Brain tumor, surgery, chemo – comeback!: Para-Star dares a new start after a horror diagnosis

Brain tumor, surgery, chemo – comeback!
Para-Star dares a fresh start after a horror diagnosis

Elena Semechin is at the peak of her career when she was diagnosed with a brain tumor last October. But the swim star doesn’t give up and returns to the pool in the midst of her chemotherapy. “I’m still here,” she says, dreaming of the Para World Cup in June.

Elena Semechin has always been “very grateful,” she emphasizes. However, the successful operation on her brain tumor made her “even more grateful” and awakened an irrepressible desire for life. That’s why the visually impaired Paralympic champion from Tokyo doesn’t want to wait any longer to make her comeback. On Thursday at 12.40 p.m. at the International German Championships in Berlin, the 28-year-old will climb 100 meters chest into the pool in the preliminary run over her gold course – although the second cycle of her chemotherapy has only just been completed.

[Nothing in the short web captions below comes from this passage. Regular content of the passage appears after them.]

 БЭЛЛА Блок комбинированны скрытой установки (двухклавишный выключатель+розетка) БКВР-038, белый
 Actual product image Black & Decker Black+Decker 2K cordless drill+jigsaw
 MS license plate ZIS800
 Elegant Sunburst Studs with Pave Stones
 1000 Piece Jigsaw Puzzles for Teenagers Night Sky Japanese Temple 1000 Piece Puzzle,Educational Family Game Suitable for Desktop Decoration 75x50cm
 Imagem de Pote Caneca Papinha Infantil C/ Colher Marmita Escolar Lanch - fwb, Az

“I don’t want cancer to determine my everyday life. I want to be the boss of my life myself,” says Semechin. Your start is “a sign that I’m still here. I’m still here and won’t go away anytime soon – despite my cancer.”

Semechin, née Krawzow, was on a high when her cancer diagnosis took the rug out from under her feet last October. The gold medal in the showcase – and then the deep emotional fall. A high-risk operation in the upper left brain hemisphere was the only option. She married her longtime friend and trainer Phillip Semechin shortly before the surgery.

“I was very afraid of personality changes as a result of the surgery. But everything went well – at least that’s what the others claim,” she says with a laugh and adds: “Now you appreciate every minute you’re allowed to live. And since I don’t As long as I live longer, I want to enjoy every minute even more now and not put it off until later.”

Dream destination World Cup on Madeira

Her prognosis sounds devastating: “I still have to do ten months of chemo and then we’ll see.” The probability is “very high” that the cancer will come back in 10 to 15 years. Semechin has not regretted for a second that she made her diagnosis public in the fall. She had received a lot of encouragement, and many cancer patients had contacted her and thanked her because they “didn’t feel so alone anymore”.

Now she wants to know. The Para World Championships in Madeira in June, for which she is already qualified, is “the big goal”. The German championships are the last chance to compete beforehand and the chance to “test myself and see if I can still swim competitively after the operation”. And after the last five days of chemo, of which she has not been able to train in the last three. “I was really flat there, nothing worked,” she says. But Semechin doesn’t want to let that stop him. She’s the boss.